Empresas Polar, a firm with an 80% share in the Venezuelan beer market, plans to stop brewing beer due to a shortage of raw materials.

Polar has been urging the country’s President Nicolas Maduro to give companies access to the foreign currency required to pay overseas raw material suppliers for some time.

Venezuela’s currency exchange system is rigid, as only the government has control over foreign currency; however, firms need the money to pay for the imported raw materials from overseas markets.

“We are obligated to suspend the production of beer and malts until we get access to the currency needed to procure the raw materials.”

Polar was cited by The Wall Street Journal as stating: "Our current situation is this; we have not been able to replenish the inventory, and we only have malted barley to produce until April 29.

"Under those circumstances, we are obligated to suspend the production of beer and malts until we get access to the currency needed to procure the raw materials."

The government has accused the brewer of waging an economic war.
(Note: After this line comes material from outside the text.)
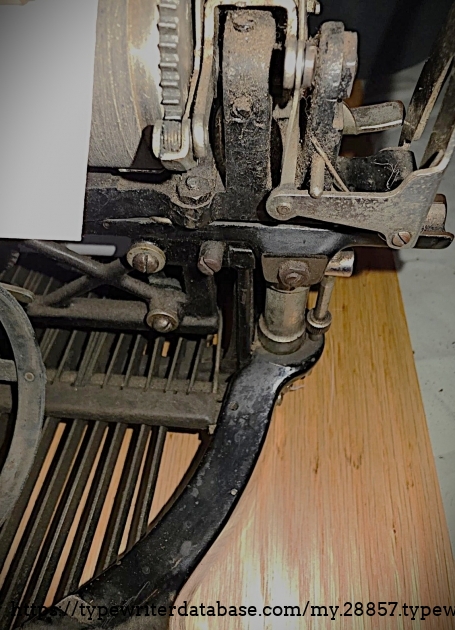 Right carriage end.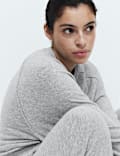 Loungewear-Strickhose mit Barrel-Bein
Maduro’s Government is currently struggling to bring the collapsing economy on track.

Polar said: "We want to maintain our plants operational and at maximum capacity, generating thousands of jobs in all corners of the country."

Several other businesses are experiencing the currency problem, from auto manufacturers to pork producers, firms have not been able to secure enough money from the government to keep their operations running.

Last year, the country’s economy shrank to 5.7% in 2015, and according to the International Monetary Fund, it will drop by another 8% in 2016.

Presently, the nation’s foreign reserves have dipped to under $13bn, one-third of what it was seven years earlier.